How to complete this task | Starting with the line that includes "NEW WADEO Filter", write out every remaining line of the records below exactly as it appears, leaving out any images.

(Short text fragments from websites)
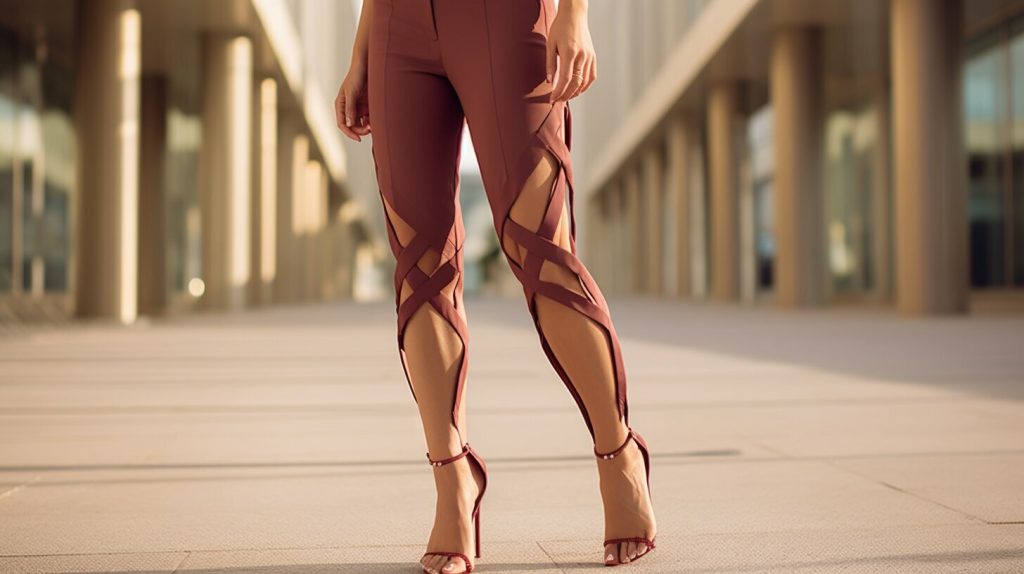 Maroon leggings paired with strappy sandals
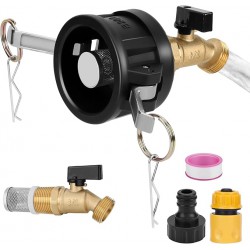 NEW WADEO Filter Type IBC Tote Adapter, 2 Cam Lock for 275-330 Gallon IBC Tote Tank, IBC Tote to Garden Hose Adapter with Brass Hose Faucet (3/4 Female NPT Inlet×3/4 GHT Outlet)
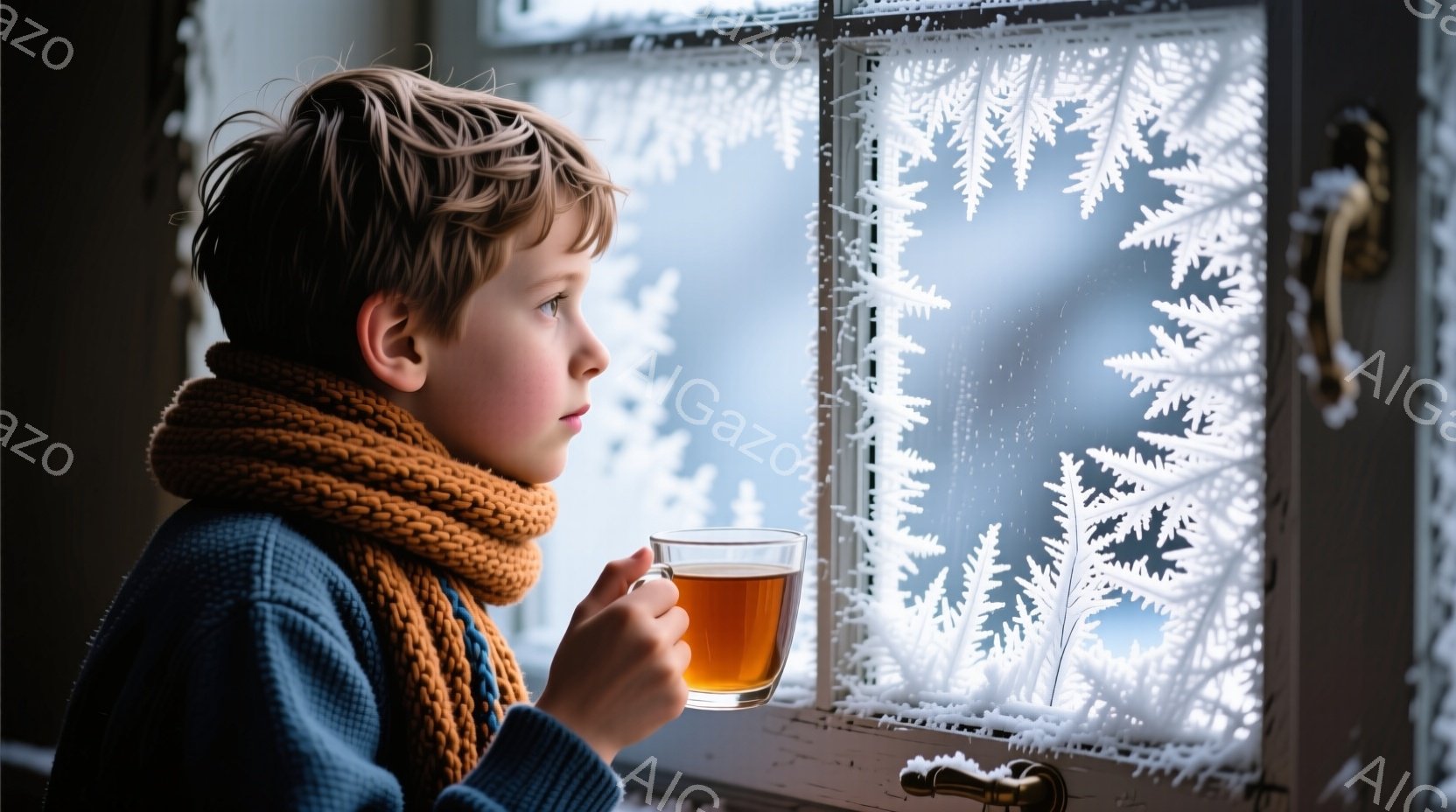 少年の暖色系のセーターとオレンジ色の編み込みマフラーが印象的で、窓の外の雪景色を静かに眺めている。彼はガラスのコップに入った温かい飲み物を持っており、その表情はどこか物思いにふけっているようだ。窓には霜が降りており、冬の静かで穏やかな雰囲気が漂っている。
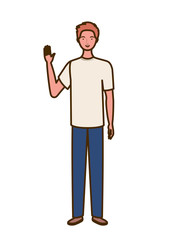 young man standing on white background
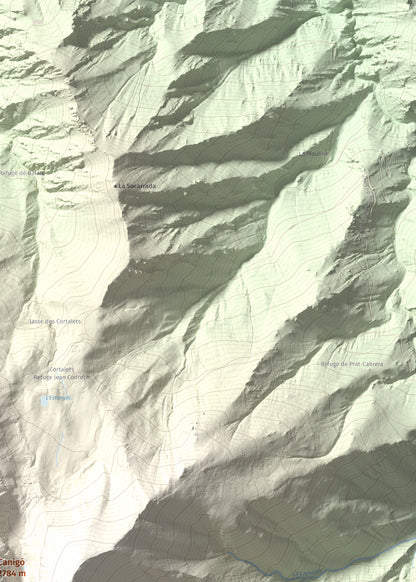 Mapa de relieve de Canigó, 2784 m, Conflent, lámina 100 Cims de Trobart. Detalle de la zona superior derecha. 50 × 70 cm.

Result of the exercise |
 NEW WADEO Filter Type IBC Tote Adapter, 2 Cam Lock for 275-330 Gallon IBC Tote Tank, IBC Tote to Garden Hose Adapter with Brass Hose Faucet (3/4 Female NPT Inlet×3/4 GHT Outlet)
 少年の暖色系のセーターとオレンジ色の編み込みマフラーが印象的で、窓の外の雪景色を静かに眺めている。彼はガラスのコップに入った温かい飲み物を持っており、その表情はどこか物思いにふけっているようだ。窓には霜が降りており、冬の静かで穏やかな雰囲気が漂っている。
 young man standing on white background
 Mapa de relieve de Canigó, 2784 m, Conflent, lámina 100 Cims de Trobart. Detalle de la zona superior derecha. 50 × 70 cm.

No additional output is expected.